◆ **What to do**
Please retype every record exactly as it appears, omitting the pictures.

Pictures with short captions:
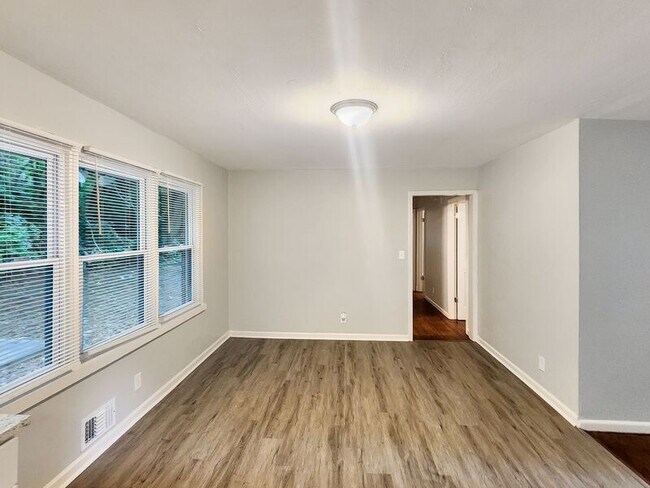 Building Photo - 4485 Sims Rd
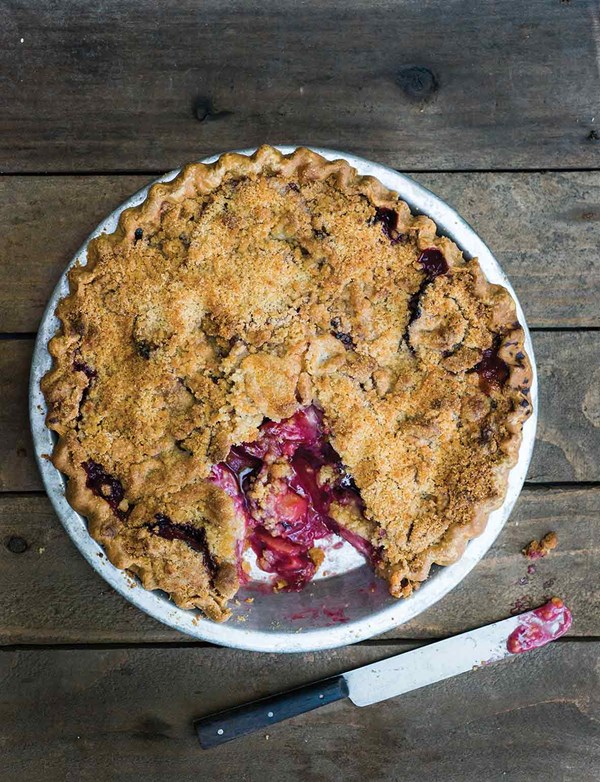 Plum crumble pie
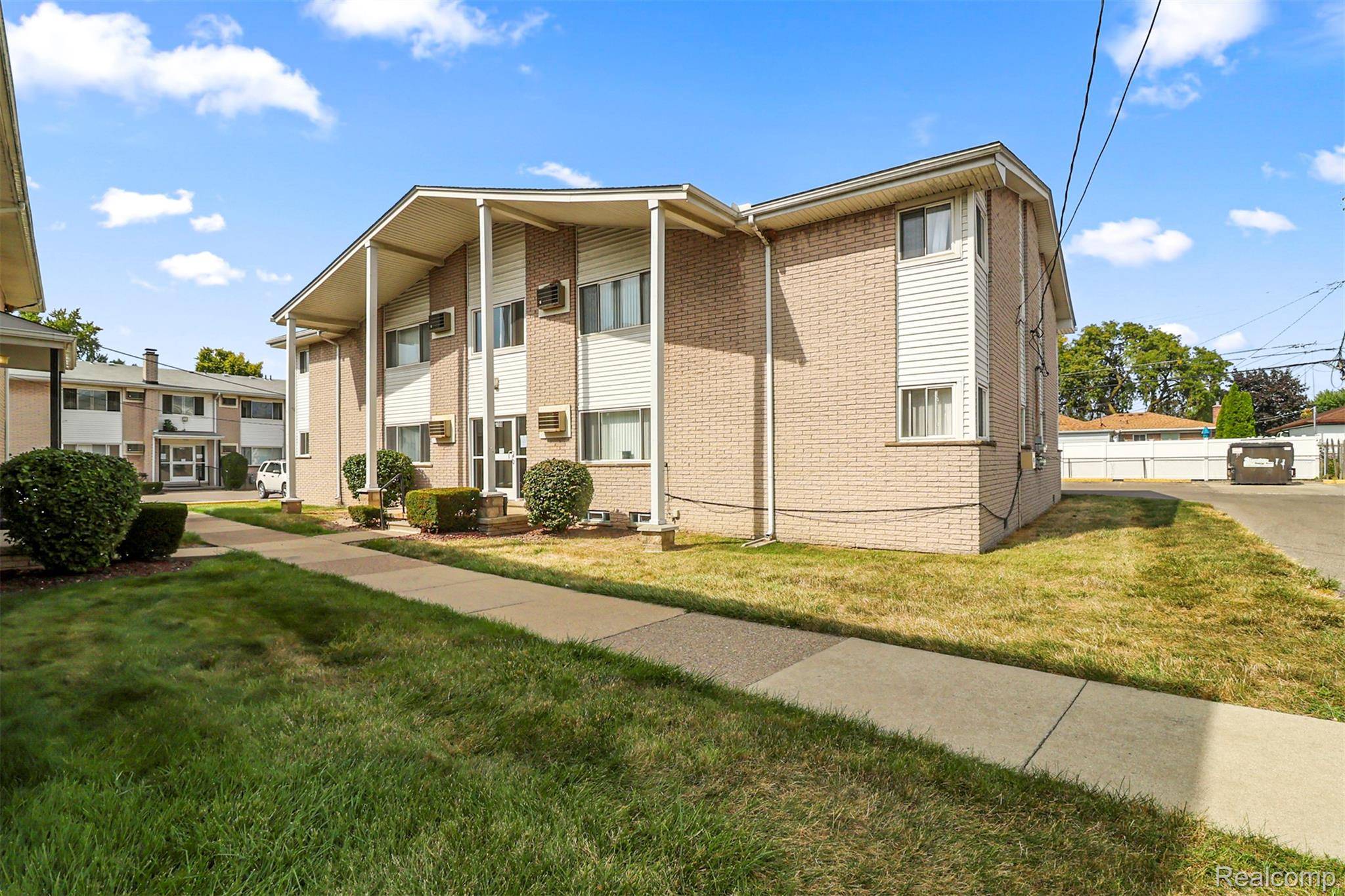 600 Harrison BLVD, Lincoln Park, MI 48146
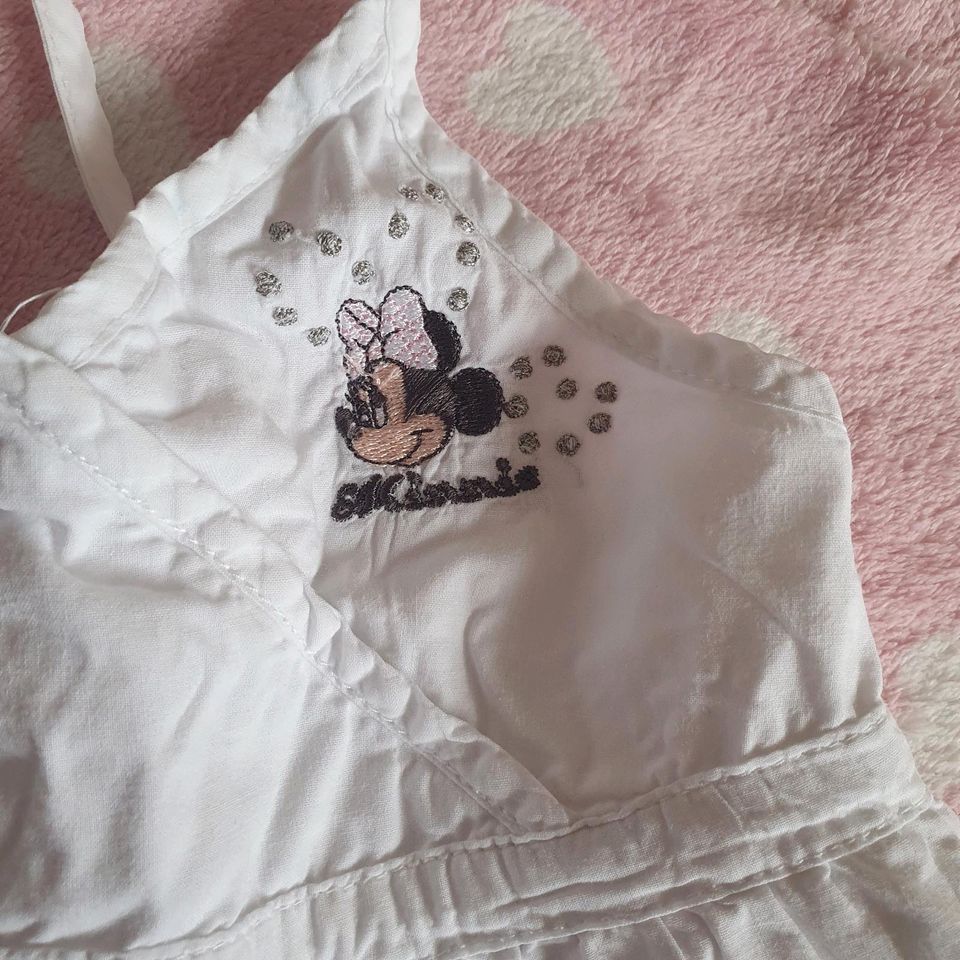 Süßes Kleid Minnie Mouse Gr. 98 Disney C&A in Tilleda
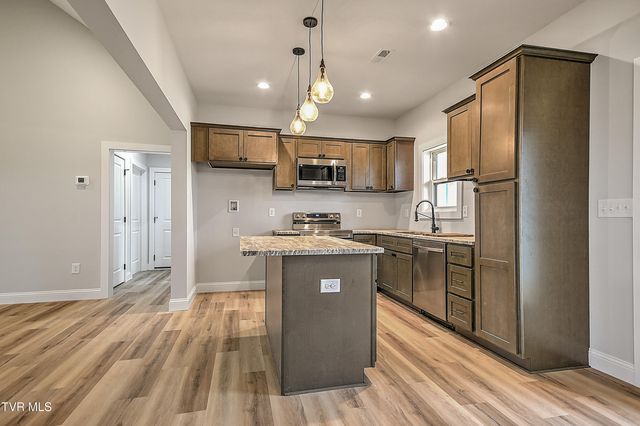 3270 Old State Route 34, Limestone, TN 37681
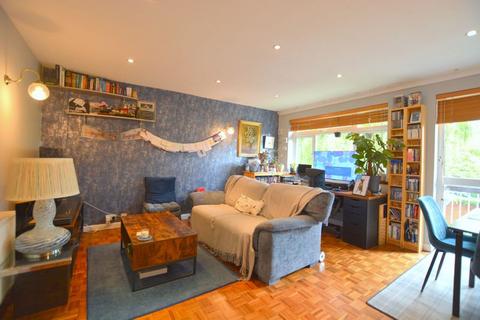 2 bedroom apartment for sale, Westfield Park, Pinner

◆ **Exercise output**
 Building Photo - 4485 Sims Rd
 Plum crumble pie
 600 Harrison BLVD, Lincoln Park, MI 48146
 Süßes Kleid Minnie Mouse Gr. 98 Disney C&A in Tilleda
 3270 Old State Route 34, Limestone, TN 37681
 2 bedroom apartment for sale, Westfield Park, Pinner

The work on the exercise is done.